• **Task to complete**
Keep the pictures out. Write out every line of the listing exactly.

• **Recorded information**
────────────────────────────────────────

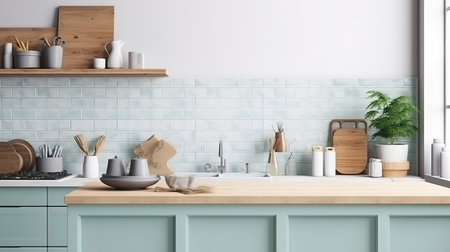 Stylish interior of kitchen space with wooden table, brown photo frame. Generative Aiの素材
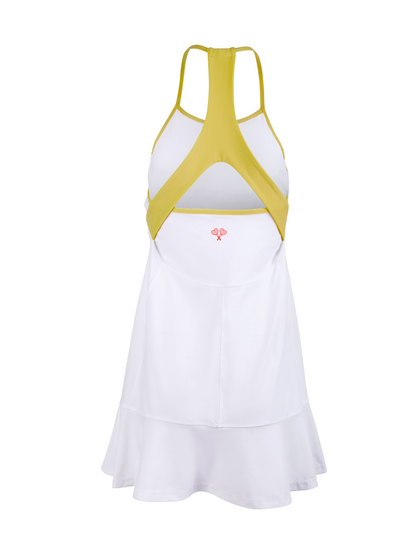 White tennis dress with yellow straps on a white background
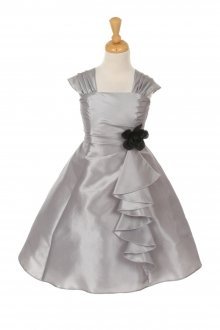 Silver Elegant Ruffle Taffeta Flower Girl Dress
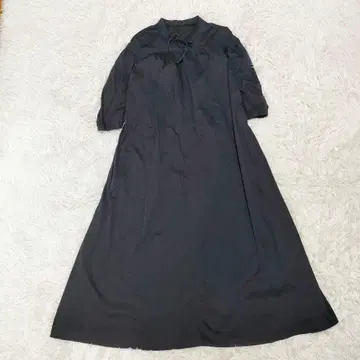 매킨토시 철학 벌룬 슬리브 5부 소매 롱 원피스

────────────────────────────────────────

• **Solution for this exercise**
 Stylish interior of kitchen space with wooden table, brown photo frame. Generative Aiの素材
 White tennis dress with yellow straps on a white background
 Silver Elegant Ruffle Taffeta Flower Girl Dress
 매킨토시 철학 벌룬 슬리브 5부 소매 롱 원피스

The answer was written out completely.